- Born: 26 December 1934
- Died: 2 August 2016 (aged 81) Crete, Greece
- Spouse: Judy
- Children: Two daughters, Nevine & Nyla
- Awards: CBE, 1995 Order of the Aztec Eagle, 1997 Order of Francisco de Miranda, 2000 Officier des Palmes Académiques, 2001

Academic background
- Education: BSc Engineering, Alexandria University, 1956 MSc Economics, University of London, 1966

Academic work
- Institutions: St Antony's College, Oxford Oxford Institute for Energy Studies
- Main interests: Oil and energy policy

= Robert Mabro =

Robert Emile Mabro (26 December 1934 – 2 August 2016) was an academic who specialised in oil and energy issues. He founded the Oxford Institute for Energy Studies, and in the late 1990s brokered a historic production cut between OPEC and its rivals in the wake of a slump in the price of oil.
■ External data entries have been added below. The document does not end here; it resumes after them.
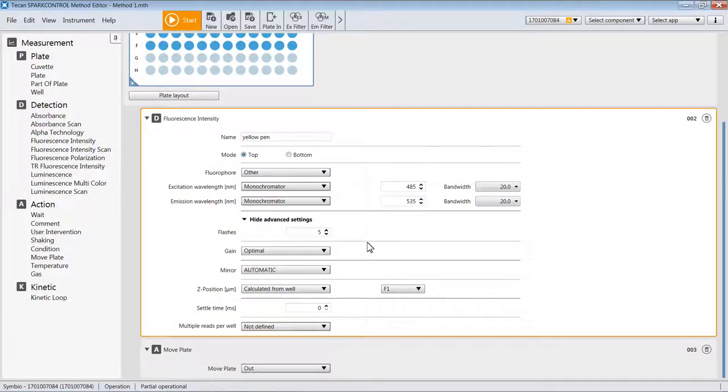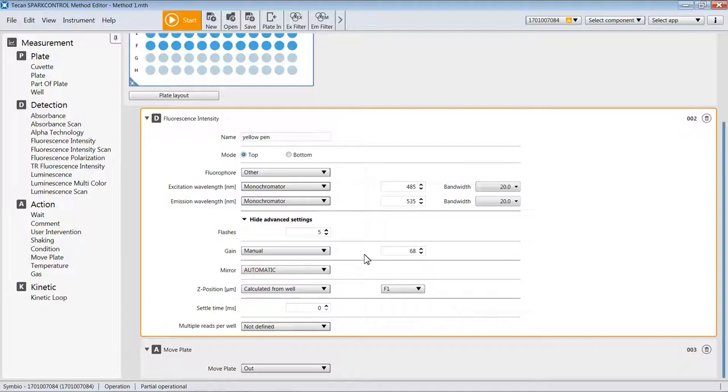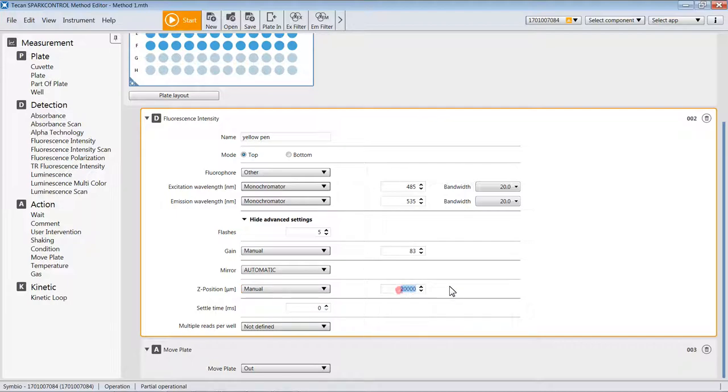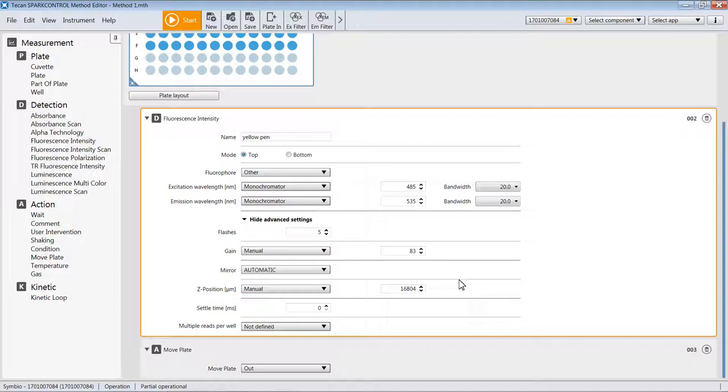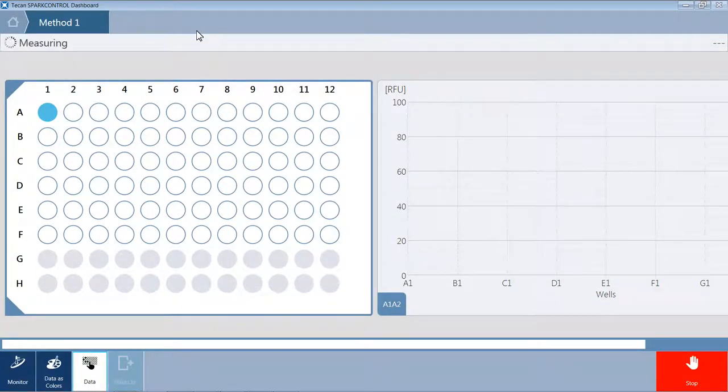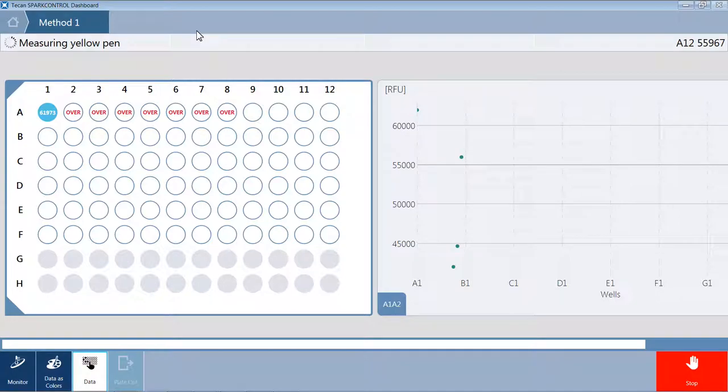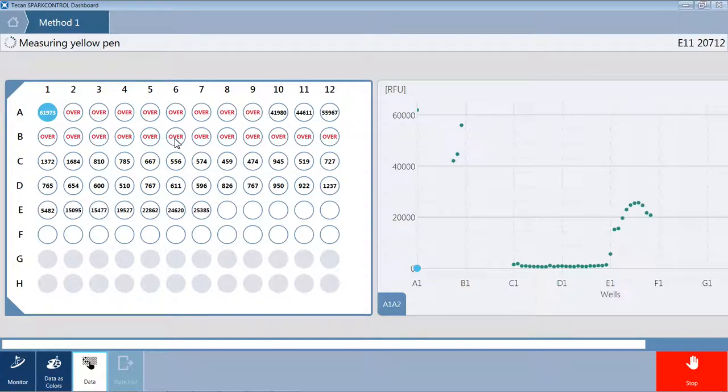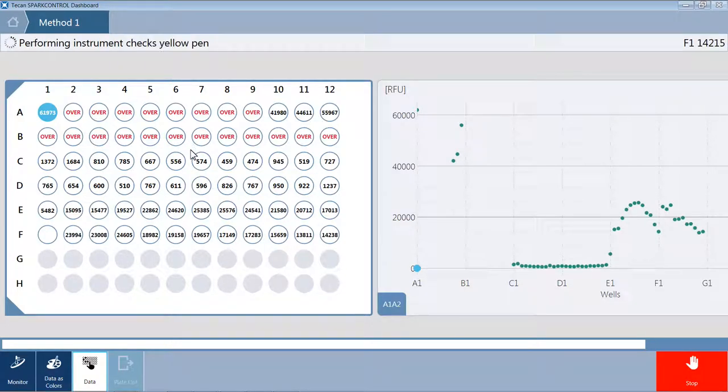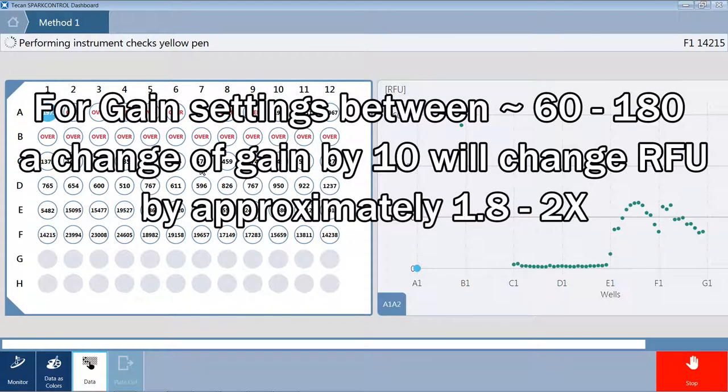Now that we have some data where we've got ideal gain and ideal Z, let's change things so that we can see how these different settings like bandwidth and wavelength and gain affect the signal. Our previous ideal gain here for this plate was 73. We're going to change the gain to 83 and fix the Z at the previously determined optimal Z and run this again. Now you'll see that once we've raised the voltage on the detector by 10, we're getting overvalues, which means it's over 65,000. It's also increased the intensities of other samples on the plate. For every change of the gain by about 10, you will see an approximate 1.8 to 2 times change in the intensity.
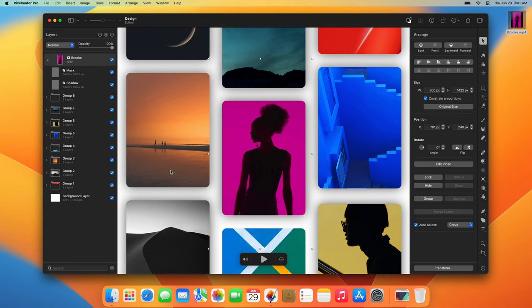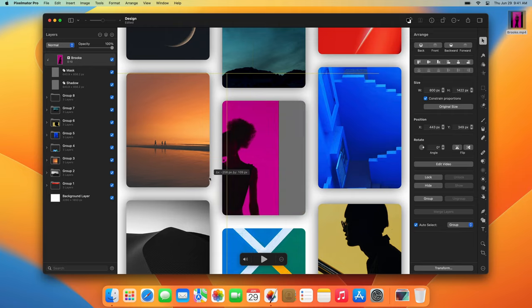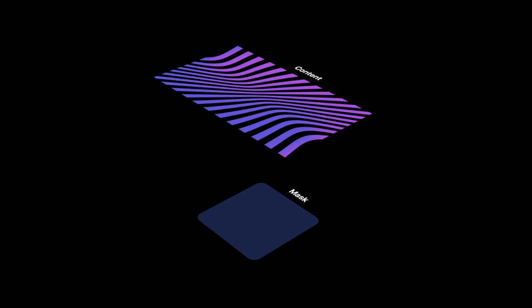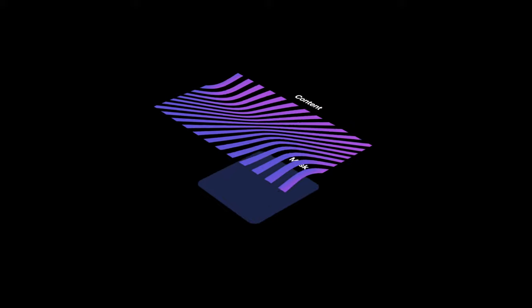Note that when using clipping masks, the bottom layer acts as the mask layer. So with two layers, the top layer provides the contents and the bottom layer provides the shape.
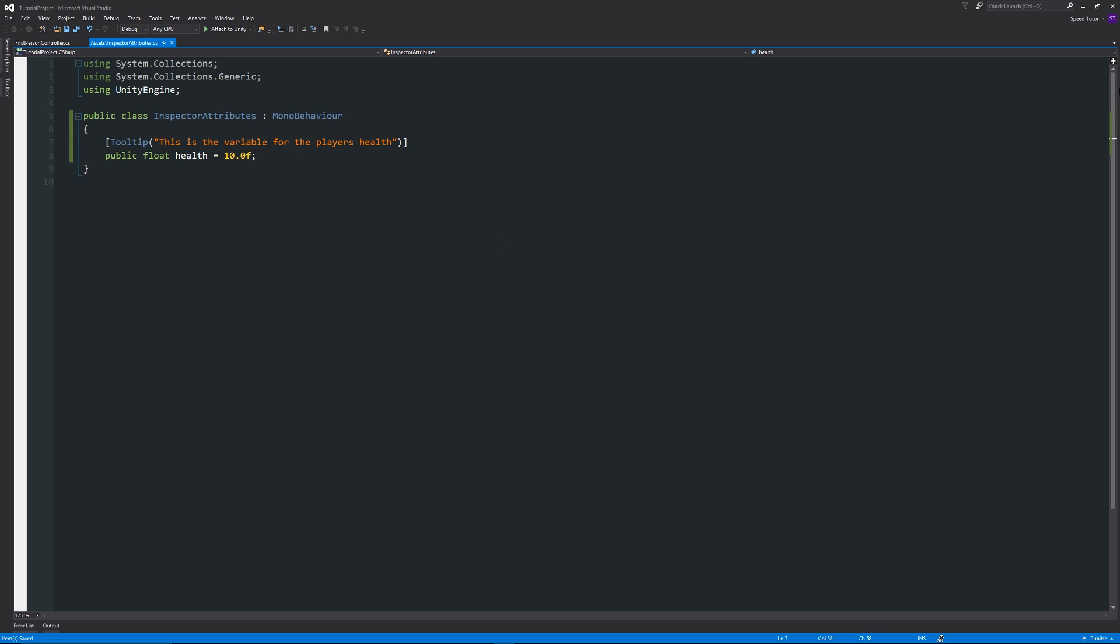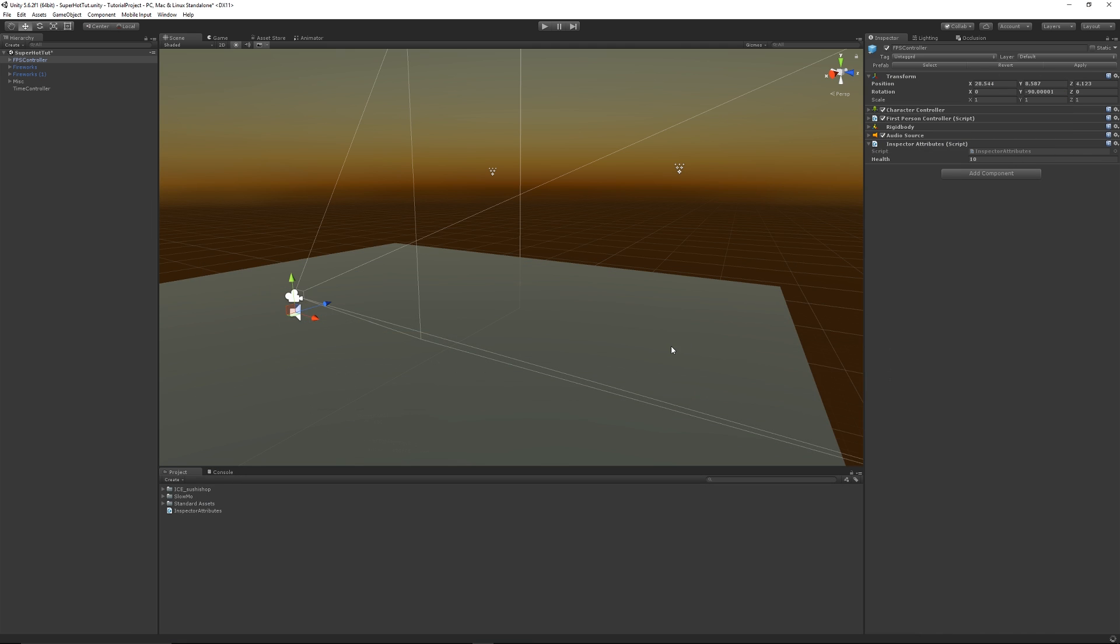And we can save that out and if we go back into Unity again and we can see that the same inspector attribute script is there and we hover over the health, you can see that now we have a tooltip which actually says what we specified. This is the variable for the player's health.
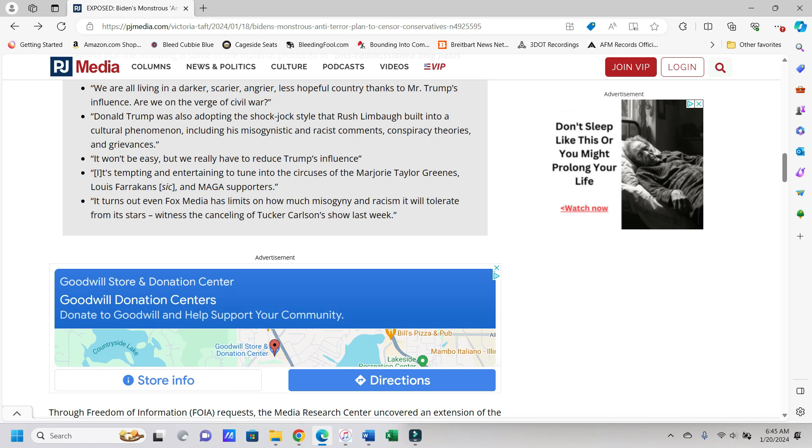Donald Trump was also adopting the shock jock style that Rush Limbaugh built into a cultural phenomenon, including his misogynistic and racist comments, conspiracy theories, and grievances. It won't be easy, but we really have to reduce Trump's influence.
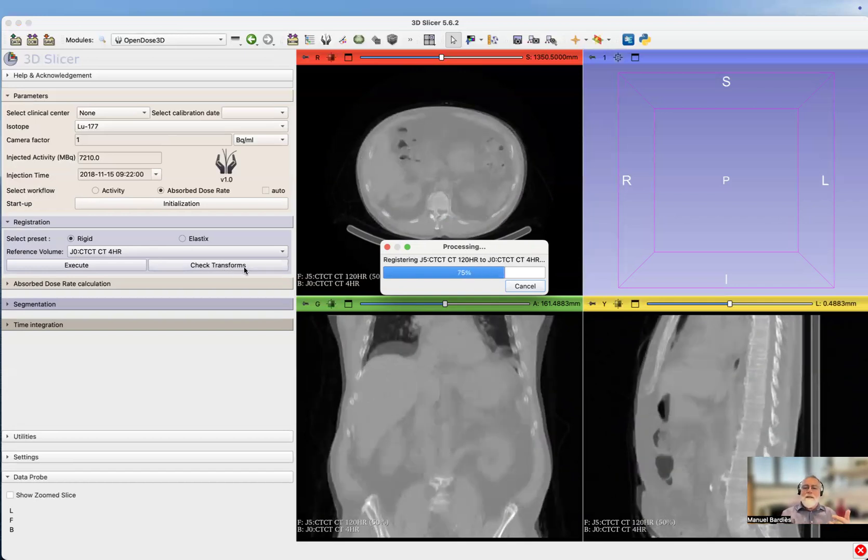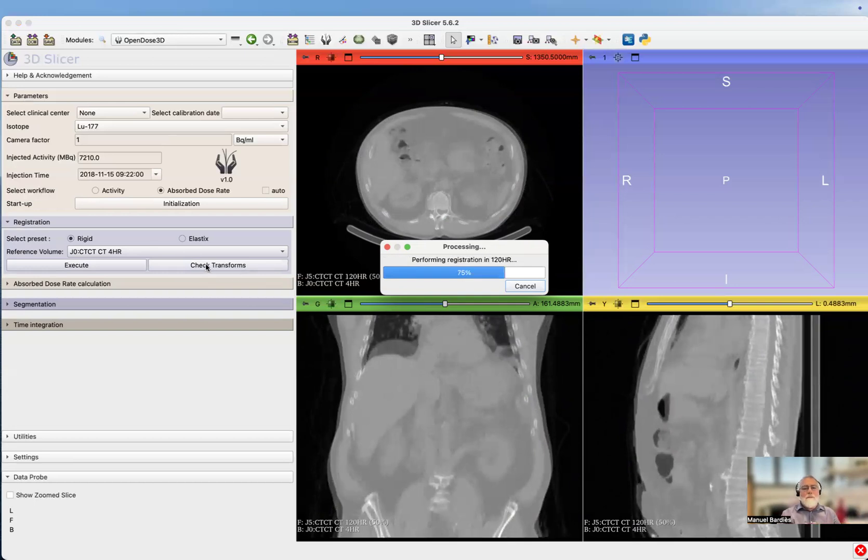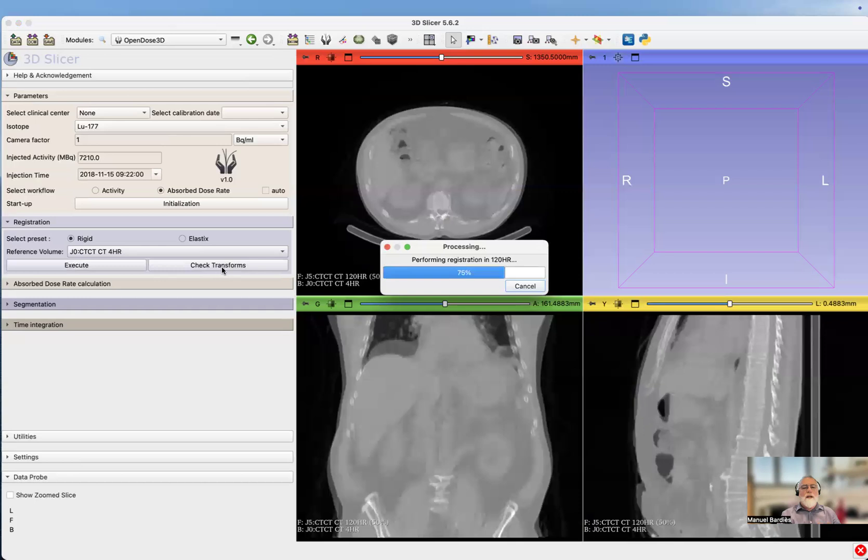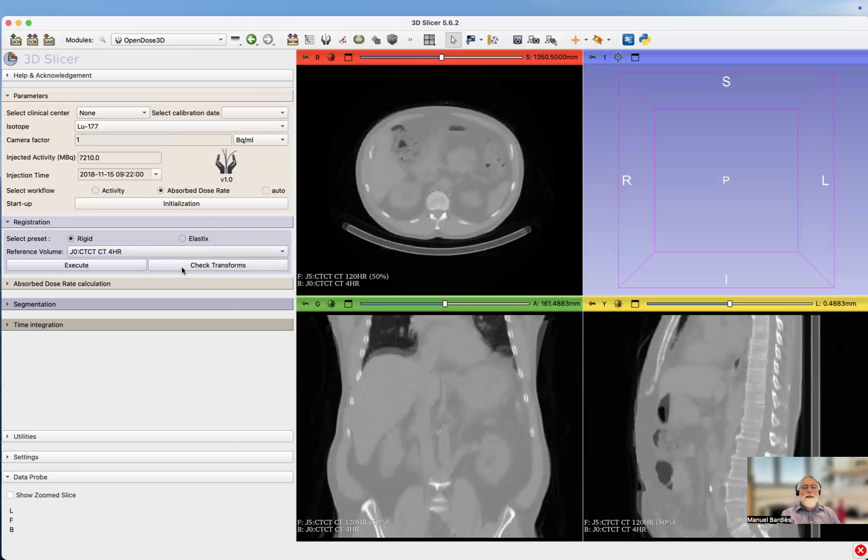When this is done, normally you should check transforms and there will be a specific video on how to check transforms. But for the sake of the first use of OpenDose 3D, we will assume that the transforms are OK. You can see it's done.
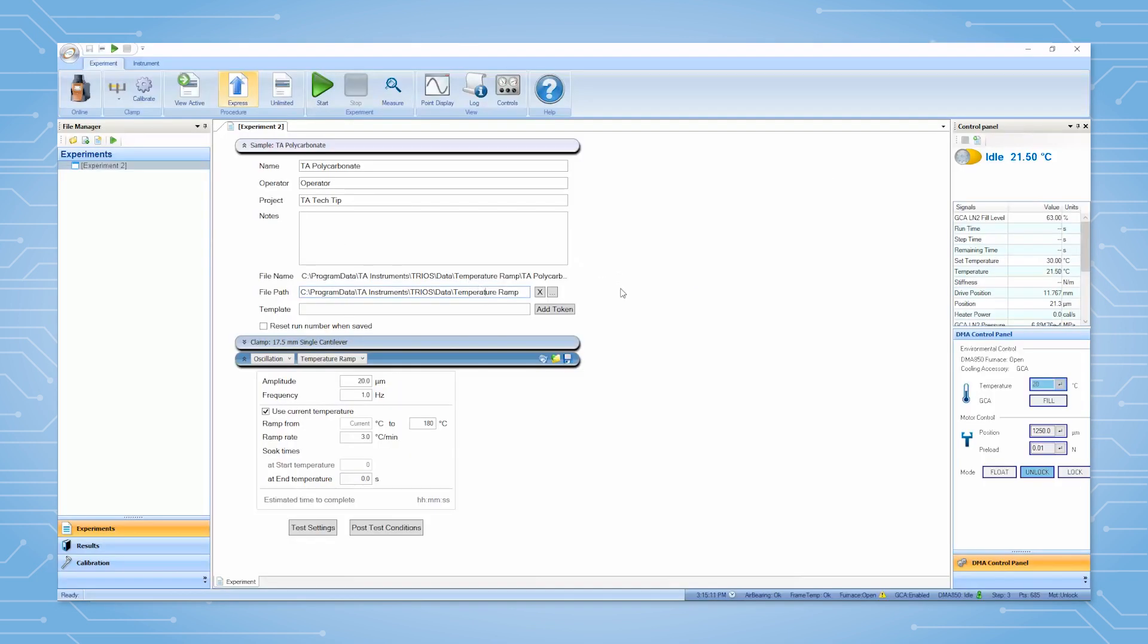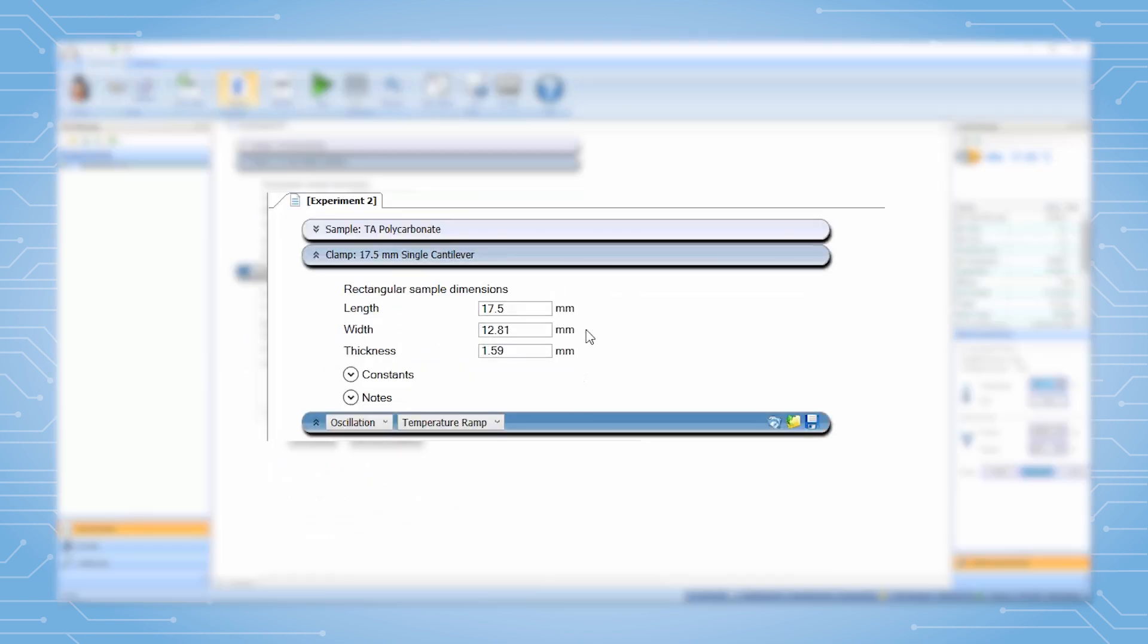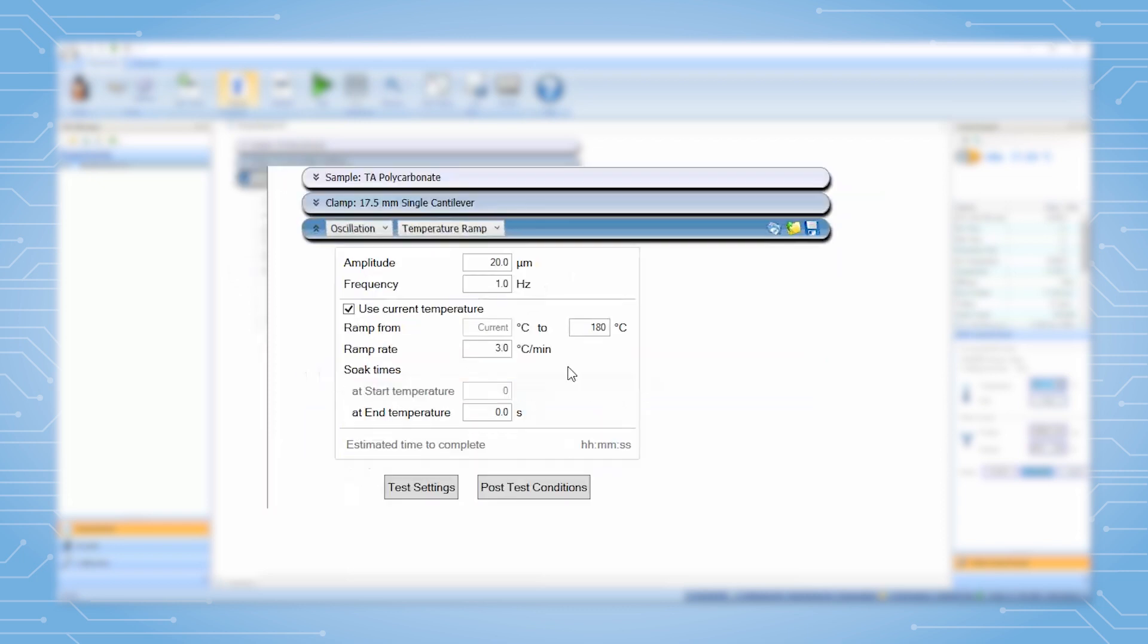Next select clamp and input the relevant measurements used to calculate the strain and stress values when setting up the experiment. The final section is experimental parameters. Select oscillation temperature ramp.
==Early life and education==
Mabro was born in Alexandria, Egypt, in December 1934, the son of Greek Orthodox parents who had migrated from Tripoli, Lebanon in the 1860s. He graduated with a BSc in Engineering from Alexandria University in 1956, after which he worked as a civil engineer in Egypt for a number of years. In 1960 he joined a Jesuit seminary near Paris and spent the next four years studying philosophy; he then went to London to study economics as a post-graduate student at the School of Oriental & African Studies. He took his MSc in 1966, and then became a researcher in economics at SOAS, where he met Judy, whom he married in 1967.

==Career==
In 1971, Mabro was made a Fellow of St Antony's College, Oxford. Throughout the 1970s, Mabro's interest in oil- and energy-related matters grew, and he wrote his first monograph on the subject - "Oil Producers and Consumers: Conflict or Cooperation" - in 1974. He founded the Oxford Energy Policy Club in 1976; the club continues to meet biannually and gives oil industry executives and senior government officials from around the world the opportunity to hold informal, off-the-record talks. He set up the Oxford Energy Seminar, which has been held annually since 1979 and is widely recognised as an important international forum on energy. In 1982, Mabro founded the Oxford Institute for Energy Studies, an educational charity devoted to researching the economics, politics and impact on international relations of oil, gas and other energies. He served as the institute's Director until 2003, and was made its Honorary President in 2006.
In the 1995 New Year Honours Mabro was appointed a CBE. He was elected a Fellow of St Catherine's College, Oxford in 2006. He is widely held in libraries worldwide. He died on Crete, Greece, on 2 August 2016.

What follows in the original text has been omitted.